[TRY IT] Keep the pictures out while you transcribe the listing below exactly.

[SUPPLIED MATERIAL]
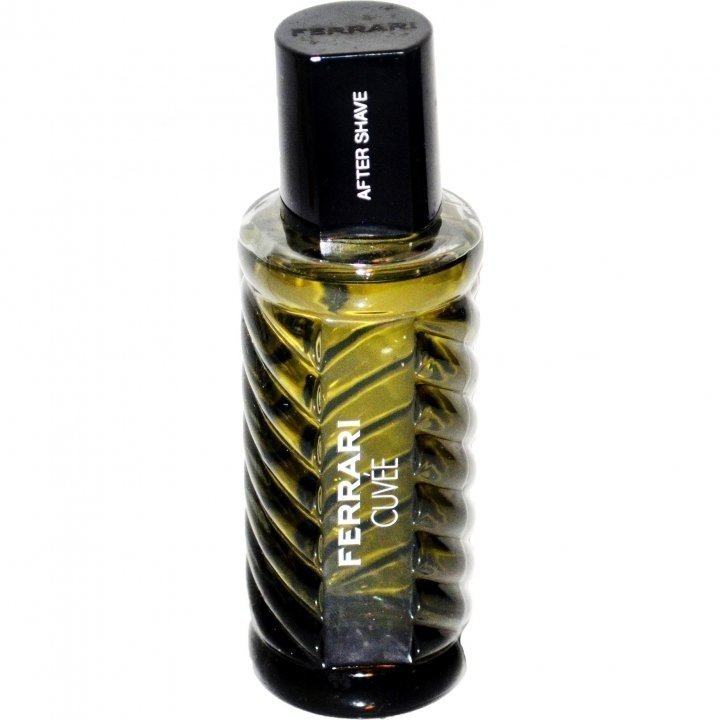 Ferrari Cuvée (After Shave) by Satinine perfume bottle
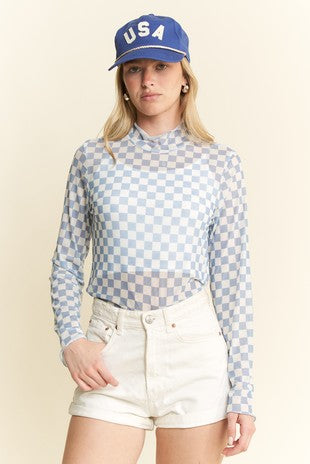 State Checker Layering Top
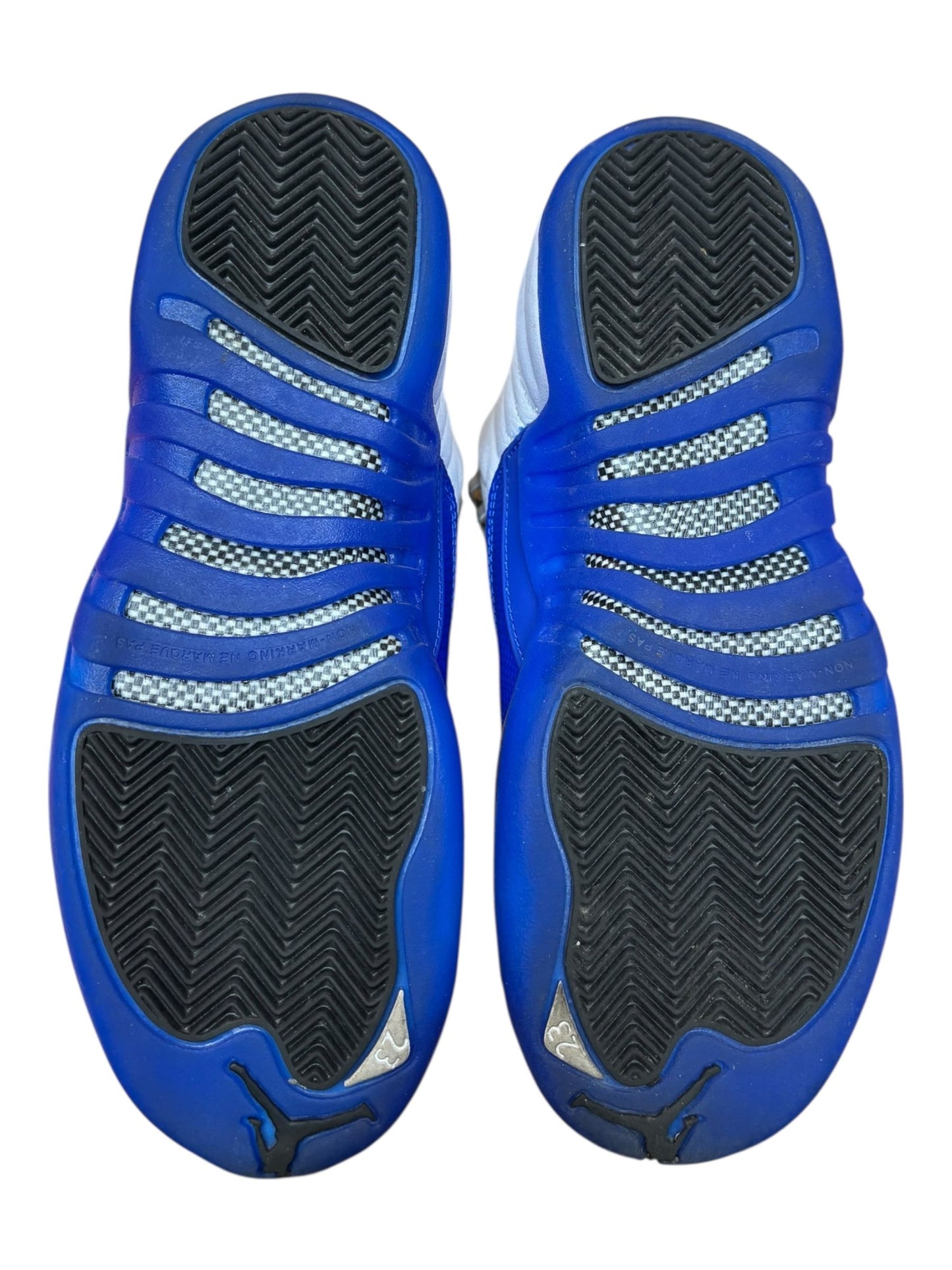 Jordan 12 Retro Blueberry (GS) - Used/Worn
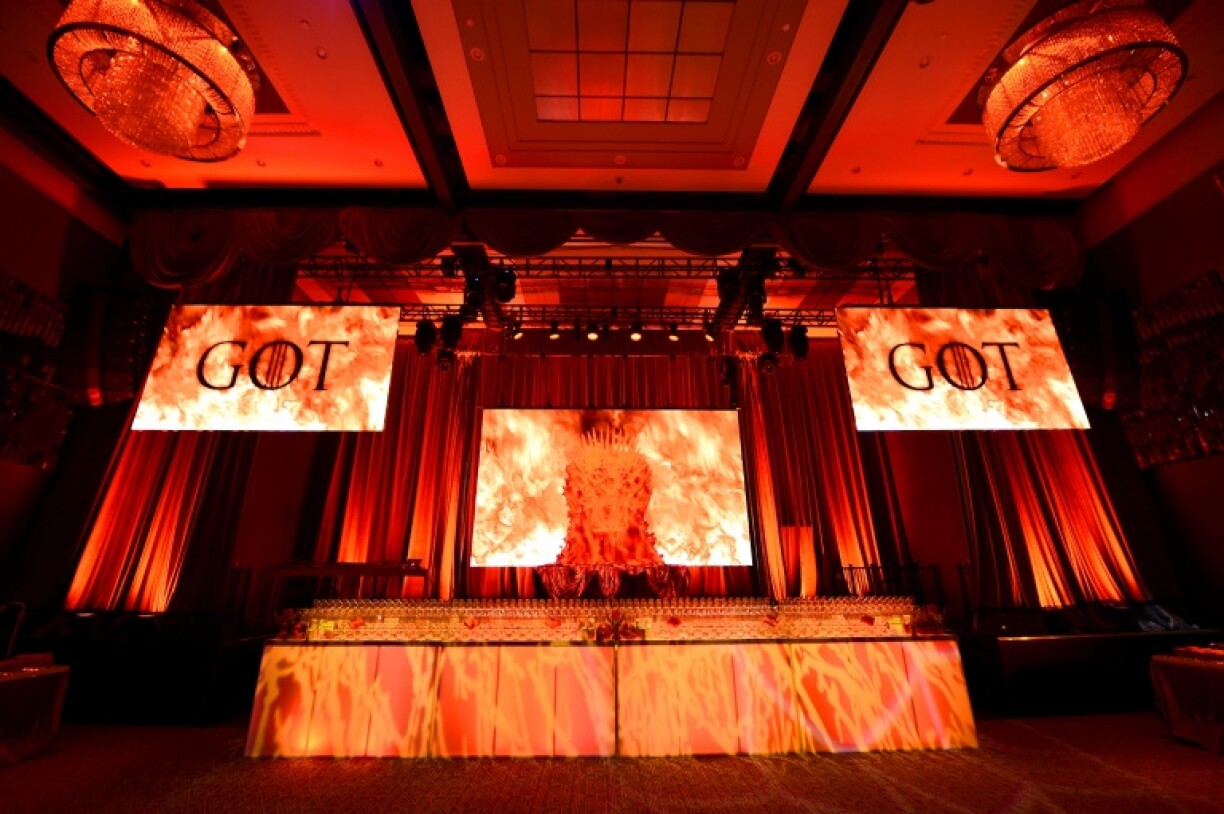 La première de la saison 8 de la série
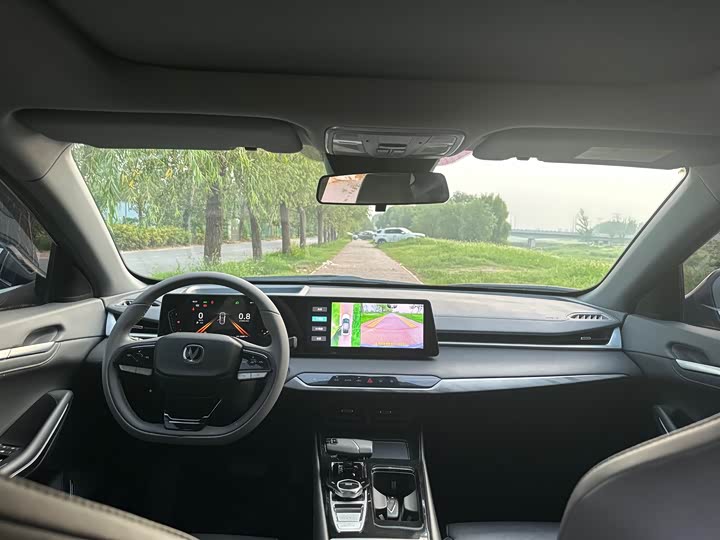 Фото 5 - Changan Raeton Plus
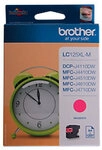 Brother LC125XLM Original Tintenpatrone Magenta 6422733
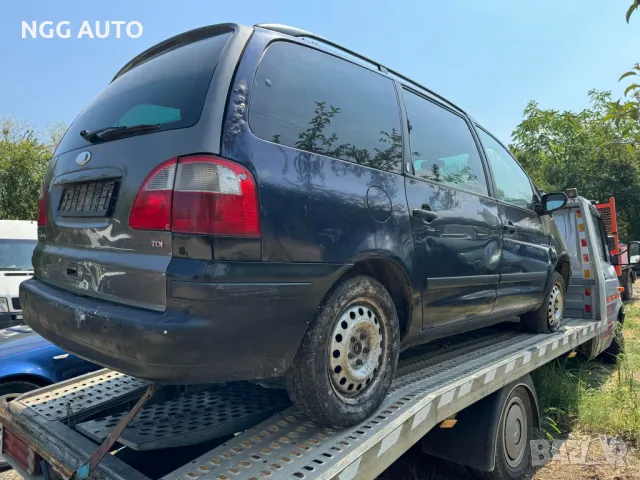 Ford Galaxy 1.9 TDI 116 к.с. - на части !, снимка 4 - Автомобили и джипове - 46942267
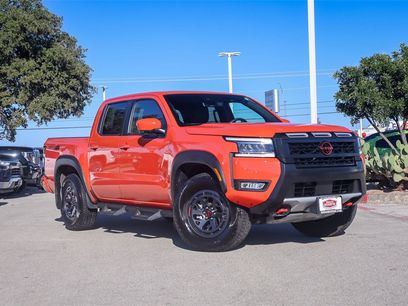 Used 2025 Nissan Frontier PRO-4X w/ Pro Premium Package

[YOUR RESPONSE]
 Ferrari Cuvée (After Shave) by Satinine perfume bottle
 State Checker Layering Top
 Jordan 12 Retro Blueberry (GS) - Used/Worn
 La première de la saison 8 de la série
 Фото 5 - Changan Raeton Plus
 Brother LC125XLM Original Tintenpatrone Magenta 6422733
 Ford Galaxy 1.9 TDI 116 к.с. - на части !, снимка 4 - Автомобили и джипове - 46942267
 Used 2025 Nissan Frontier PRO-4X w/ Pro Premium Package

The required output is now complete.